Üniversite hayatım Hazırlık sınıfıyla beraber 5 sene sürdü ve 2007 Haziran'ında ünversiteden Bilgisayar Mühendisi olarak mezun oldum.



Mezun olur olmaz iş hayatına atıldım. Üniversite sonrası aslında hemen çalışmayı düşünmüyordum ama gelen iş fırsatları arasından birisini seçmeden yapamadım ve ilk işime Overteam Bilgi Teknolojilerinde başladım.

Bu şirkete ve çalışma ortamına alışmam pek uzun sürmedi, kısa sürede kendimi gösterdim ve patronlarımın beğenisini kazandım. Aslında işten de çalışma ortamından da çok memnundum ama ne yazık ki her güzel şeyin de bir sonu oluyor. Şirketimde 1. yılımı doldurduktan sonra, benim çok sevdiğim ve kendisinden çok şeyler öğrendiğim teknik müdürümüz (CTO) Yaşar Safkan Google'ın iş teklifini kabul edip İrlanda'ya göçünce şirketteki rahatımız da bozuldu. Biraz da bunun etkisiyle işten ayrılmayı düşünmeye başladım ve o aralar sadece şirketimden değil çalışmaktan da sıkıldığım için askere giderek çalışmaya biraz ara vermek istedim.
Sonuç olarak Kasım 2008'de Overteam'den ayrıldım ve Aralık 2008'de de kısa dönem er olarak İzmir Bornova'ya vatani görevimi yerine getirmeye gittim. İlk iş tecübem böylece 1,5 sene sonra sona ermiş oldu.

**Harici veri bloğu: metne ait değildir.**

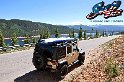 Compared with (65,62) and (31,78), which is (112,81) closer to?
(65,62)

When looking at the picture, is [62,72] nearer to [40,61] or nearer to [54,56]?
[54,56]

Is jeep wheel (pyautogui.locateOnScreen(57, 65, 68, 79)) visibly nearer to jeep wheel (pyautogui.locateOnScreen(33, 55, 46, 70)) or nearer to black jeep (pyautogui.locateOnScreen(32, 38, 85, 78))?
black jeep (pyautogui.locateOnScreen(32, 38, 85, 78))

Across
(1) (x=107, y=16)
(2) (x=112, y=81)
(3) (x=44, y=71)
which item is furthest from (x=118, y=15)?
(2) (x=112, y=81)

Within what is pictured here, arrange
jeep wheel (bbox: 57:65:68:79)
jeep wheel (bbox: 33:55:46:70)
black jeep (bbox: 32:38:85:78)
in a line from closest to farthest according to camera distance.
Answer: black jeep (bbox: 32:38:85:78) → jeep wheel (bbox: 57:65:68:79) → jeep wheel (bbox: 33:55:46:70)

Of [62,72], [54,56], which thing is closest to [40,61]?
[54,56]

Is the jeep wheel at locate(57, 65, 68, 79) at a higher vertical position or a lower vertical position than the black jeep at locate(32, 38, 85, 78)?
lower

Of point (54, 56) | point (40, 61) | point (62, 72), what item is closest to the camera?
point (54, 56)

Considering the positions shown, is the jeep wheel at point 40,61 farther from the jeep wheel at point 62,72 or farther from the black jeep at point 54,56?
the jeep wheel at point 62,72

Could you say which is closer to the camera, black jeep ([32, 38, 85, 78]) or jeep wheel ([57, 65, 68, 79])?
black jeep ([32, 38, 85, 78])

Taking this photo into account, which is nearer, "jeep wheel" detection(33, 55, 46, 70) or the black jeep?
the black jeep

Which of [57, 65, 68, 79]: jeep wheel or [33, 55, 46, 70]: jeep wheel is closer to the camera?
[57, 65, 68, 79]: jeep wheel

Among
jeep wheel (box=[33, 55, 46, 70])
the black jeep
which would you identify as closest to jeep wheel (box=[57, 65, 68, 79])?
the black jeep

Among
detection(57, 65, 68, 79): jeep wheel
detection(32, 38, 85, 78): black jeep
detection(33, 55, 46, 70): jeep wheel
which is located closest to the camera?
detection(32, 38, 85, 78): black jeep

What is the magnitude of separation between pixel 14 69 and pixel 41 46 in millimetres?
3949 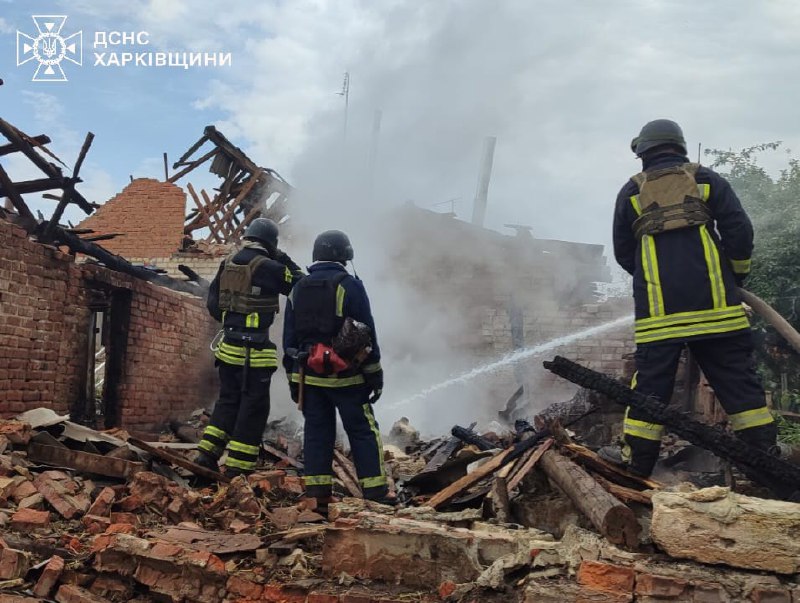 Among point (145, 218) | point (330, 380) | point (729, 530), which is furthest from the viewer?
point (145, 218)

Askerliğim ne yalan söyliyeyim biraz sıkıntılı geçti. Bunda hem askerlikteki saçmalıkların hem de benim hatamın olduğunu söyleyebilirim. Ne yazık ki askeriyeye girerken mantığımı kapıda bırakamadım ve bunun da çok sıkıntısını çektim. Yine de burada da çok güzel kişiler tanıdım ve çok iyi arkadaşlıklar kurdum. Neticede 6 ay sonunda askerliğimi bitirip rahata erdim.

Askerlik dönüşü pek dinlenmeye fırsat bulamadan iş aramaya başladım. Açıkcası ekonomik kriz vardı ve iş bulma konusunda bazı endişelerim vardı ama neyseki kısa sürede birçok iş teklifi aldım ve aralarından en cazip bulduğum Provus Bilişim Çözümlerin'de işe başladım.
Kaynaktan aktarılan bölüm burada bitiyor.